Now, under the old covenant Israel was always blaming their fathers. But, under this new covenant you can’t blame what your parents did. Sometimes we inherit our looks or our money or our personality or our illnesses from our folks…but we cannot blame our sin on our folks!
Let’s look next at Verses 31-37…
The Nature of the New Covenant
It is a covenant that is affected by God. It is strictly a work by God. Look at the “I will…I will…I will…” Compare this with the old covenant…the Ten Commandments… “thou shalt…thou shalt…thou shalt not…” But, in the new covenant God is saying, “I will…I will…I will…” In other words, these people never could keep the commandments. They never could keep the covenant. Now, don’t you think God knew that before He ever established it?
Why in the world would God go and establish a covenant with Israel when He knew from the beginning they would not be able to keep it? Why would He give them commandments which He knew they would not be able to keep? To make them ready for the new covenant!
I always like to say at least one profound thing every sermon…and I alert you to it so that you’ll recognize it…and this is it coming up: If man believes he can keep the Law, he will never accept grace! If a person believes that something he does or something he is can win the favor of God he will never see his need of grace! It is only as we realize, recognizing in the depths of our being that we cannot keep the Law of God, no matter how desperately we try…it is only then that we are open to grace!
I mean, you’ve got to get a man lost before you can get him saved! And that’s the trouble with most people today. They don’t believe they’re lost! If a man believes that he can, somehow on his own obtain God’s favor he’s going to be deaf and dumb to the message of grace.

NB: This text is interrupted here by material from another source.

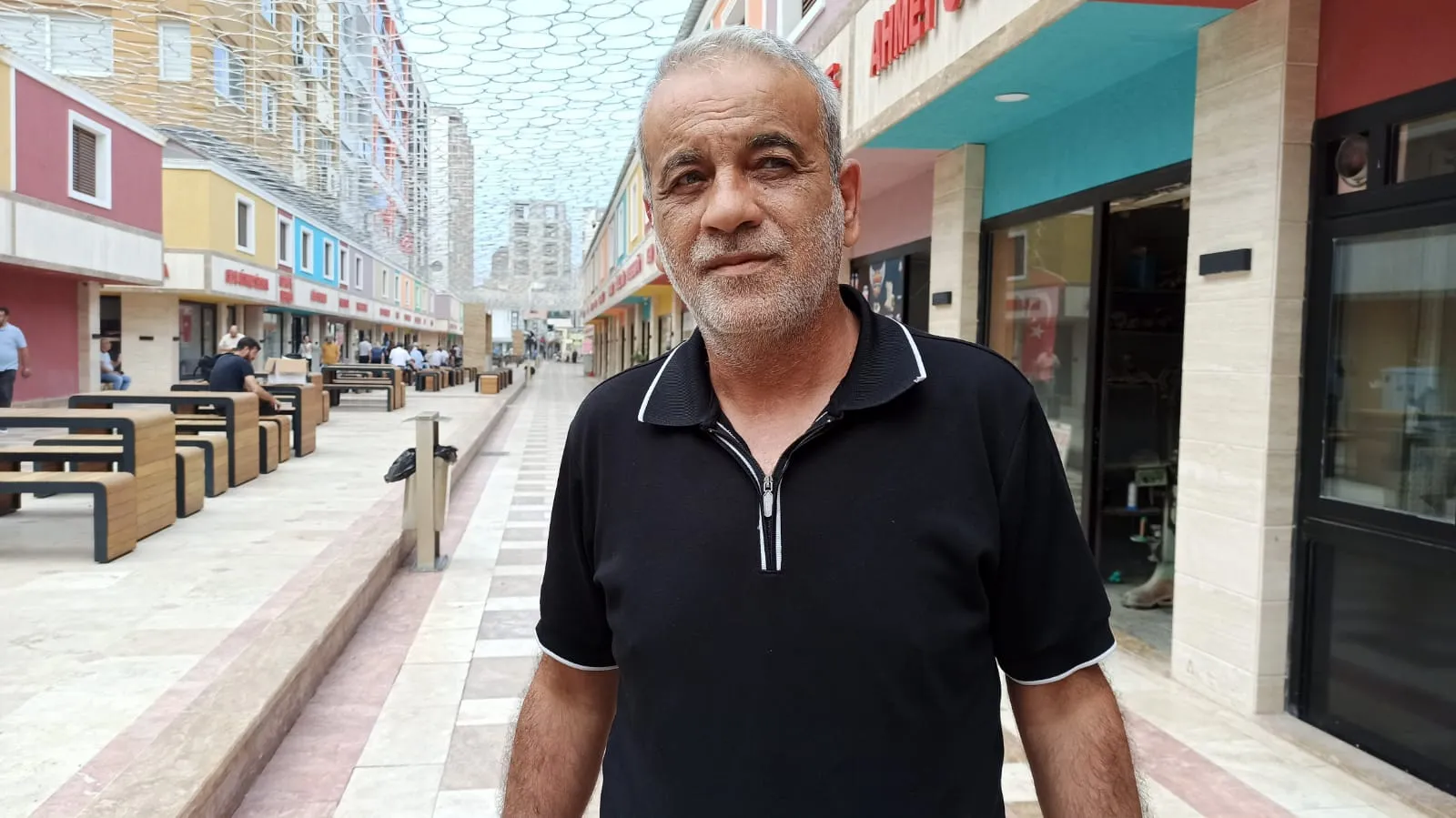 İskenderun çarşısında 6 köpeğin saldırısına uğrayan kedi can verdi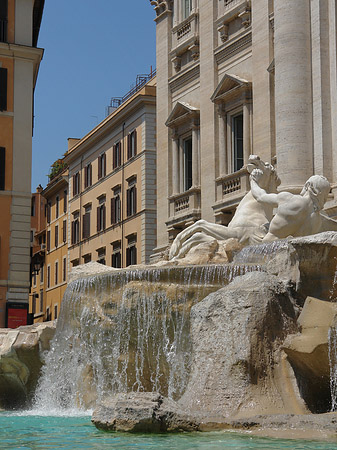 Statuen am Trevibrunnen Foto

Remember what Paul said in Romans 7? He was talking about the Law. And he said he did pretty good at keeping the Law. As a matter of fact in Philippians he said, “As touching the Law I was blameless.” Now he was stretching it a little bit there. There is one commandment that slays us. That’s what Paul was saying in Romans 7. One, two, three, four…he did alright until he got to the tenth commandment.. “Thou shalt not covet.” Then, Paul said that one got him.
James said to keep all the commandments and yet break only one, is to break the whole law. And so God is saying that the nature of this new covenant is that “it is something that I will do! And the reason I’ve had you under the old covenant all these years is because it has taken man that long to be ready to receive grace.
But, there’s a second thing…the nature of this new covenant is an inward apprehension of the law of God. Verse 33… The old covenant was outward, but the new covenant is inward.
Now, we still have some “shalt nots” in our lives, but they are not the basis of our salvation. The basis of our salvation is not what we have done, but what God has done! There is going to be an inward apprehension of the law of God. “I will put My law in their inward parts (KJV)…within them (NAS)…and write it on their heart…”
Now, He’s not talking about the Mosaic Law, but He’s talking about the law as we would talk about the will of God. No man would have to say to his brother or his neighbor, “You ought to do this, and this and this…for every man shall know…for I have put it in their hearts.”
By the way, there is a difference between those two expressions “I will put my Law in their inward parts and write it on their hearts…” These verbs have different tenses. When He said, “I will put my Law in their inward parts” He means it will be done once and for all. But when He said, “I will write it on their hearts…” it means “ I will continually write it on their hearts.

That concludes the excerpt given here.